EXERCISE AIM
Lines from the line with "Greencastle, PA 17225,286 CREEKWOOD DRIVE" to the line with "TRAVEL - 8x Zoom - Digital Camera - CLICKPIK" in the entries below, and only those, must be output exactly, with both ends included.

┌──

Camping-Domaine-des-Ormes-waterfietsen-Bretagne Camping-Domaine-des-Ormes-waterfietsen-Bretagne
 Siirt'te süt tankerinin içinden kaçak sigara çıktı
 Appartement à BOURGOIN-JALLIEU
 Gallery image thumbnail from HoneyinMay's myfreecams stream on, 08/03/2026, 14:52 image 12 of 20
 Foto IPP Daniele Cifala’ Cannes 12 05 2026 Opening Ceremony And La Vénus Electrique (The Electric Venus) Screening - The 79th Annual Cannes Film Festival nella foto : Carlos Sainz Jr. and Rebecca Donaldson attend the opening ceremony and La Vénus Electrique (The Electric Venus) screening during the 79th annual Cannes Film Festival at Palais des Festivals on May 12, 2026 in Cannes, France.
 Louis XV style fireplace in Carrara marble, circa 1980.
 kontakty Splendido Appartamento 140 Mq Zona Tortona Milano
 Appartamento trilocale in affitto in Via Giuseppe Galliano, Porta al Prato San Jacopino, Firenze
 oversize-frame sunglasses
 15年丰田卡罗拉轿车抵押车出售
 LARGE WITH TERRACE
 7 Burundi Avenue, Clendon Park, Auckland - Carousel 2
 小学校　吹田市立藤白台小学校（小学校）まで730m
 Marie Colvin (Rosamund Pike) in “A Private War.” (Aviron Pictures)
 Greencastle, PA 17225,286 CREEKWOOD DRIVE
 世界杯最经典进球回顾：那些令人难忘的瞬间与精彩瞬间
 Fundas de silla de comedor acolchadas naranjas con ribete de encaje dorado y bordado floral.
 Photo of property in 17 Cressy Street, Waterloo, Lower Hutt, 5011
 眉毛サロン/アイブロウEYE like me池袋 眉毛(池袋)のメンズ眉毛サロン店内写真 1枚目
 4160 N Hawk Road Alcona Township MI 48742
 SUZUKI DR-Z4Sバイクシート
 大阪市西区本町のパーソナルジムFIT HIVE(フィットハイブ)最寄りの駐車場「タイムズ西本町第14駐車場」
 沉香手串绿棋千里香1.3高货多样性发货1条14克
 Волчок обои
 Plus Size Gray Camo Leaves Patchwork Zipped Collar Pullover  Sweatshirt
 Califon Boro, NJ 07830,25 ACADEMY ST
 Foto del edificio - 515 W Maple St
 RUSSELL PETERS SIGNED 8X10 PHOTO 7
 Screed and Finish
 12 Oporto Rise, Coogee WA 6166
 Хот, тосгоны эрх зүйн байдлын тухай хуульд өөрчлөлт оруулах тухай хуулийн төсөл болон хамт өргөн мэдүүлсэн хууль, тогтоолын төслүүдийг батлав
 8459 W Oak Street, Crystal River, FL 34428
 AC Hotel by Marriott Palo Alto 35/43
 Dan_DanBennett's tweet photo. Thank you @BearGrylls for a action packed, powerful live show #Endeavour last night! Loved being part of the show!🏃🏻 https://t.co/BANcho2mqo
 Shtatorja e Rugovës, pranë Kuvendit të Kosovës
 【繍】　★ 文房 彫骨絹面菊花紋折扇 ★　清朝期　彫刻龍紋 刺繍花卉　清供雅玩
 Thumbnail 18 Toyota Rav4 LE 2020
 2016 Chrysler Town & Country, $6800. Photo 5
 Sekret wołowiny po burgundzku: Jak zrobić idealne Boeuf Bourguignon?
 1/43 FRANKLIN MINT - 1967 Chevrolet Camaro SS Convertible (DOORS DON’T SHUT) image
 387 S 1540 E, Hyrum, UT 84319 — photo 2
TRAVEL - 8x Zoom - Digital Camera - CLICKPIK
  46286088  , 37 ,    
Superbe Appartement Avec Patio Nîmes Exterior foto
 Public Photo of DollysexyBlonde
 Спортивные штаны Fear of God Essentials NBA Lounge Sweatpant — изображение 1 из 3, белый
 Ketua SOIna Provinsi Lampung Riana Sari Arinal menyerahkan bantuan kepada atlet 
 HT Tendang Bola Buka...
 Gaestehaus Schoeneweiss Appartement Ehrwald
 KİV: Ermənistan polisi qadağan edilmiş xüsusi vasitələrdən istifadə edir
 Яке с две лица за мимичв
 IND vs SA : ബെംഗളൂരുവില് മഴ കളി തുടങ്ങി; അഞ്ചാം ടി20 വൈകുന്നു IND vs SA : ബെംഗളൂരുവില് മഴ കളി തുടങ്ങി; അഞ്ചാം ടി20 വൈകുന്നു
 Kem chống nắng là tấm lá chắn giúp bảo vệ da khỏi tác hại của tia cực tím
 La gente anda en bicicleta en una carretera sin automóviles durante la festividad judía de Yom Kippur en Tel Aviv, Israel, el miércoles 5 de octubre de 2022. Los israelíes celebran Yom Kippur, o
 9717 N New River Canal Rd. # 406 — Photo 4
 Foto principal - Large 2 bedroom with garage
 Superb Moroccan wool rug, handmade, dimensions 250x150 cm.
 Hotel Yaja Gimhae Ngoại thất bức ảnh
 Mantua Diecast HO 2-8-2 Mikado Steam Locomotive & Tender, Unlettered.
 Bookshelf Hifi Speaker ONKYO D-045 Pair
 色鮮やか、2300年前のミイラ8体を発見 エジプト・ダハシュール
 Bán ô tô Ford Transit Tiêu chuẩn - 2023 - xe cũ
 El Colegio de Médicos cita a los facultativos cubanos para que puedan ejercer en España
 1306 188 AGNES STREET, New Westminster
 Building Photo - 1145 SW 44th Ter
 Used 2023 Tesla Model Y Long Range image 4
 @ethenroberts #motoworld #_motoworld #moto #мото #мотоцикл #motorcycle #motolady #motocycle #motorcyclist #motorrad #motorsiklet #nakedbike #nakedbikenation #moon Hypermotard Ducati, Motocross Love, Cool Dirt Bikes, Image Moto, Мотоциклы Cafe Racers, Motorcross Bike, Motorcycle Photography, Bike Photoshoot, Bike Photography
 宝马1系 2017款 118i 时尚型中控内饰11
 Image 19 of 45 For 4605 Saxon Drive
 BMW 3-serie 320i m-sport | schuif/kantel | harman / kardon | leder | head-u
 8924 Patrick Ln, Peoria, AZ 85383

└──

RESPONSE BOX
 Greencastle, PA 17225,286 CREEKWOOD DRIVE
 世界杯最经典进球回顾：那些令人难忘的瞬间与精彩瞬间
 Fundas de silla de comedor acolchadas naranjas con ribete de encaje dorado y bordado floral.
 Photo of property in 17 Cressy Street, Waterloo, Lower Hutt, 5011
 眉毛サロン/アイブロウEYE like me池袋 眉毛(池袋)のメンズ眉毛サロン店内写真 1枚目
 4160 N Hawk Road Alcona Township MI 48742
 SUZUKI DR-Z4Sバイクシート
 大阪市西区本町のパーソナルジムFIT HIVE(フィットハイブ)最寄りの駐車場「タイムズ西本町第14駐車場」
 沉香手串绿棋千里香1.3高货多样性发货1条14克
 Волчок обои
 Plus Size Gray Camo Leaves Patchwork Zipped Collar Pullover  Sweatshirt
 Califon Boro, NJ 07830,25 ACADEMY ST
 Foto del edificio - 515 W Maple St
 RUSSELL PETERS SIGNED 8X10 PHOTO 7
 Screed and Finish
 12 Oporto Rise, Coogee WA 6166
 Хот, тосгоны эрх зүйн байдлын тухай хуульд өөрчлөлт оруулах тухай хуулийн төсөл болон хамт өргөн мэдүүлсэн хууль, тогтоолын төслүүдийг батлав
 8459 W Oak Street, Crystal River, FL 34428
 AC Hotel by Marriott Palo Alto 35/43
 Dan_DanBennett's tweet photo. Thank you @BearGrylls for a action packed, powerful live show #Endeavour last night! Loved being part of the show!🏃🏻 https://t.co/BANcho2mqo
 Shtatorja e Rugovës, pranë Kuvendit të Kosovës
 【繍】　★ 文房 彫骨絹面菊花紋折扇 ★　清朝期　彫刻龍紋 刺繍花卉　清供雅玩
 Thumbnail 18 Toyota Rav4 LE 2020
 2016 Chrysler Town & Country, $6800. Photo 5
 Sekret wołowiny po burgundzku: Jak zrobić idealne Boeuf Bourguignon?
 1/43 FRANKLIN MINT - 1967 Chevrolet Camaro SS Convertible (DOORS DON’T SHUT) image
 387 S 1540 E, Hyrum, UT 84319 — photo 2
TRAVEL - 8x Zoom - Digital Camera - CLICKPIK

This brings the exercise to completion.